Kimsenin güvenmediği ve verilerine inanmadığı Türkiye İstatistik Kurumu’nun (TÜİK) yayımladığı Tüketici Fiyat Endeksi (TÜFE) verilerinde de eğitim harcamaları dikkat çekici. Yılbaşından beri birçok ayda eğitim harcamaları ya zirvede ya da ikinci sırada yer aldı. Örneğin önceki gün yayımlanan verilere bakalım. Eylül ayında TÜFE’de artış aylık 2,9, yıllık 49,3 oldu.

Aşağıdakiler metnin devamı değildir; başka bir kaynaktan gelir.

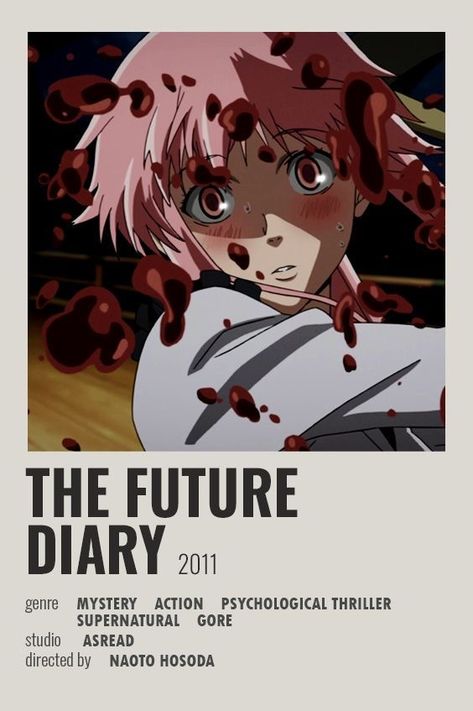 Anime Cards Aesthetic, The Future Diary, Relatable Illustrations, Life With A Newborn, Mirai Nikki Future Diary, Minimalist Anime, Gasai Yuno, Future Diary, Anime List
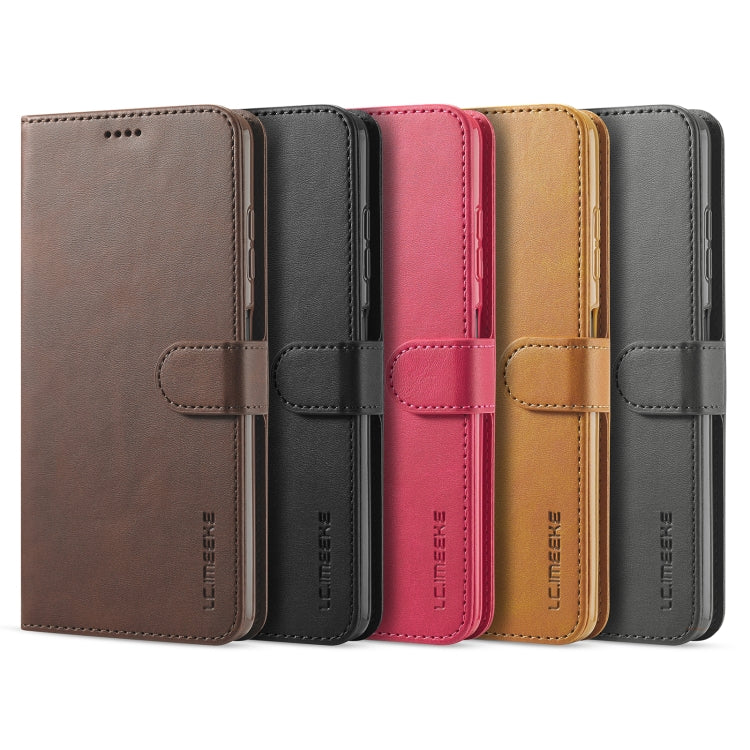 Calf texture leather flip case with holder, card slots; shown in brown, black, red, yellow, grey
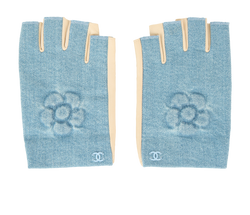 Chanel Denim Camellia Mittens, Leather/Cotton, Blue/Cream, Sz 8, 3*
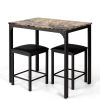 Modern 3-Piece Dining Set Faux Marble Table-Top and 2 Black Chairs Stools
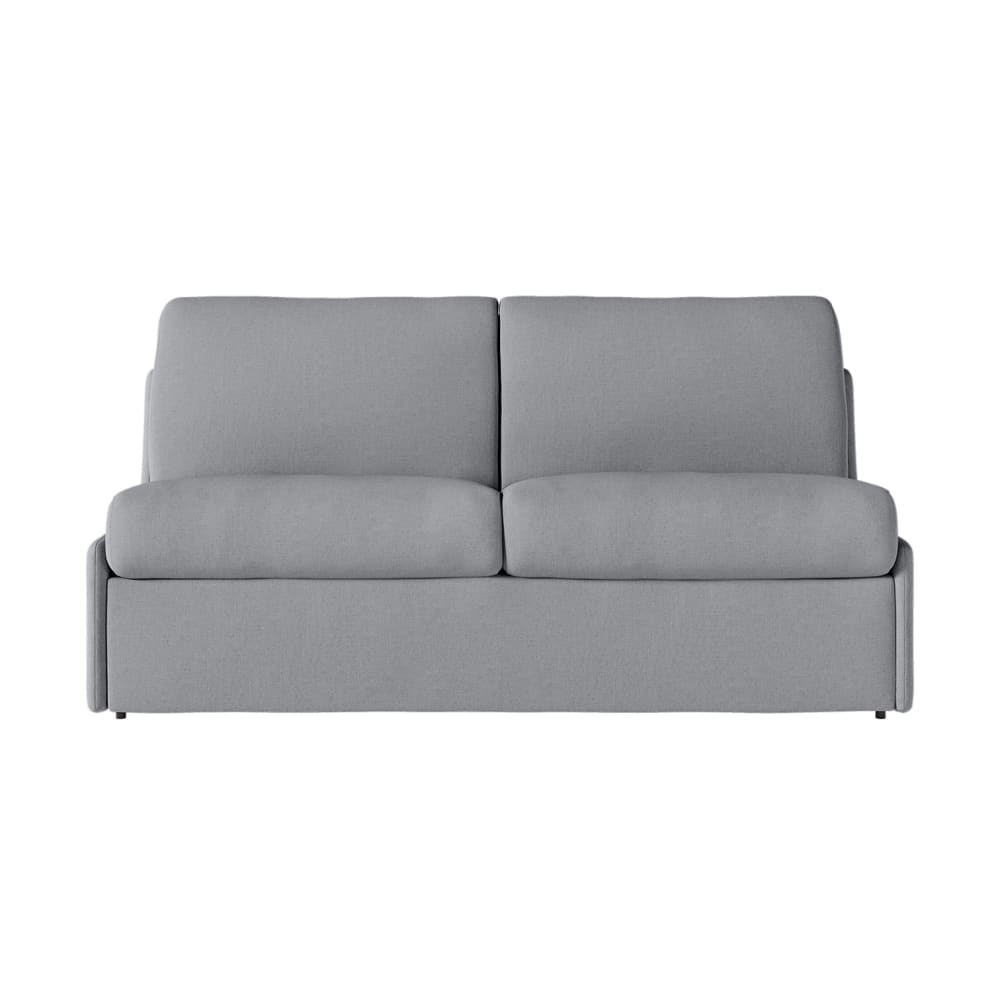 Canapé convertible couchage 140x190cm tissu gris clair matelas 13cm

Peki, eğitimde durum ne diye baktığımızda ise kat be kat fazlasıyla karşılaşıyoruz. Eğitim harcamalarında artış yüzde 93,5, aylık ise yüzde 14,2 seviyesine ulaştı.
Diğer bazı aylarda ise eğitim harcamalarındaki aylık artış şöyle gerçekleşti:
• Şubat: 12,7
• Mart: 13,8
• Mayıs: 5,6
• Ağustos: 11,3
Geçen ay en fazla fiyat artışı yüzde 50,4 ile öğrenci yurtlarında görüldü. Bu grubu yüzde 45,27 ile üniversite eğitimi takip etti.
Bu iki cümle aslında bize çok şey anlatıyor. İlkinden yani öğrenci yurtlarından başlayalım. Ekonomik krizin en çok hissedildiği alanların başında barınma konusu geliyor. Son birkaç yıldır öğrencilerin bu konularda ciddi eylemleri oldu. Öğrencilerin talepleri yurt sayılarının artması ve devletin bu sorunun çözümü konusunda adım atmasıydı. Ancak yeterli sayıda yurt açmayan AKP iktidarı, bununla birlikte üniversite sayılarını da sürekli artırınca bu sorun içinden çıkılmaz bir noktaya gelmiş durumda. Kredi ve Yurtlar Kurumu’na (KYK) bağlı yurtlarda yer bulamayan öğrenciler de özellikle büyük şehirlerde özel yurtlara mecbur kalıyor. İşte yurt fiyatlarındaki artışın gençlerin ve onların ailelerine etkisini bu şekilde okuyabiliriz.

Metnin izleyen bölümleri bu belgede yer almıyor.